半沢直樹シリーズ。前作までと同様に半沢のサラリーマンとは思えないほどの強烈な主張は健在だ。ただ、前2作に比べると、半沢の活躍度は少ない。というか、東京スパイラルと電脳雑技集団との買収対決としての面白さがメインかもしれない。おそらくはライブドアとニッポン放送の買収騒ぎをイメージしているのだろう。

東京中央銀行と半沢が所属する東京セントラル証券との戦いは、謀略や裏取引のすえ、衝撃的な結末を迎えることになる。買収されるか、それとも守り切れるか。ラストはもちろん、今まで圧力をかけてきた東京中央銀行の上役たちに半沢が倍返しをする。相変わらずの爽快感はすばらしい。半沢の活躍度は下がるが、次回へ向けての助走段階のように思えてくる。

■ストーリー

ときは2004年。銀行の系列子会社東京セントラル証券の業績は鳴かず飛ばず。そこにIT企業の雄、電脳雑伎集団社長から、ライバルの東京スパイラルを買収したいと相談を受ける。アドバイザーの座に就けば、巨額の手数料が転がり込んでくるビッグチャンスだ。ところが、そこに親会社である東京中央銀行から理不尽な横槍が入る。責任を問われて窮地に陥った主人公の半沢直樹は、部下の森山雅弘とともに、周囲をアッといわせる秘策に出た―。

■感想
前2作と比べ、半沢の倍返しはおとなしい。山あり谷ありというよりは、ひとつの買収劇を最初から最後まで様々な謀略あり裏切りありで切り抜けていくという感じだ。東京中央銀行と半沢が出向させられた東京セントラル証券。
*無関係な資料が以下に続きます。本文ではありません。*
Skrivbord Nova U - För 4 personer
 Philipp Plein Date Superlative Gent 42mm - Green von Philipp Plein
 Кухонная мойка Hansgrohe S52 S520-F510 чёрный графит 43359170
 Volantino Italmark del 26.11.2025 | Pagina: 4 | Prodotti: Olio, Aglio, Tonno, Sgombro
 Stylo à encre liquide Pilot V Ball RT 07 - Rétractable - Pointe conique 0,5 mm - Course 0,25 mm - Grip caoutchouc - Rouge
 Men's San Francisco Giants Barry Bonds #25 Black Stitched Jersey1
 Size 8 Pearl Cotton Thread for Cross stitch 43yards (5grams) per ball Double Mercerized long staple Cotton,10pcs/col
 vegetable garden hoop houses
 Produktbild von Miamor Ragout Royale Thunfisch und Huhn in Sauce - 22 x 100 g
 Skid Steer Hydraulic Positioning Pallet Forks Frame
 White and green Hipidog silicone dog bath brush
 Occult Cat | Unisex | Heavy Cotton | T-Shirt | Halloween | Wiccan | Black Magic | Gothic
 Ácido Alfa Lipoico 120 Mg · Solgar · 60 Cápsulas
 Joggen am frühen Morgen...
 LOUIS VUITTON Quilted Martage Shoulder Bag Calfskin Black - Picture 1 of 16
それぞれが電脳雑技集団と東京スパイラルというIT企業のアドバイザーとなり、買収対決を行う。

東京セントラルを買収しようとする電脳雑技集団。明らかにライブドアをイメージするような描き方をしている。買収を防ぐための様々な施策や、時間外取引によるだまし討ちのような謀略。現実の出来事を用いることでリアル感は増している。

買収する側とされる側にはそれぞれ理由がある。そして、アドバイザー側としても、仕事を受けた理由がある。単純に考えると、銀行の子会社である東京セントラル証券が、敵対的買収を防ぐ側にまわってはならないはずだ。

このあたり、半沢の理論がかなり飛躍しているようだが、対立関係を明確にするためにそうしているのだろう。自社の社長をたきつけ銀行と対決する。最終的には半沢の行動は、銀行の利益になるという流れになってはいるが…。普通に考えれば、敵対組織に子会社がいるなんてことはありえない状況だ。

ラストの流れは秀逸だ。半沢がまたもや別の場所に出向させられるのか、それとも…。今までの作品と比べると、相手に倍返しするという勢いは弱い。そう感じるのは、半沢がそこまでしいたげられていないからだろう。理不尽な攻撃や、言いがかりはない。

単純に買収防衛策をまっとうな手段で行った結果ということだ。今回に限り、半沢の相手に対する怒りというのは少し控えめかもしれない。ただ、普通のサラリーマンからしたら、信じられないような、胸がすっきりするような行動の数々は相変わらずだ。

次回作への前フリがしっかりされているのも良い。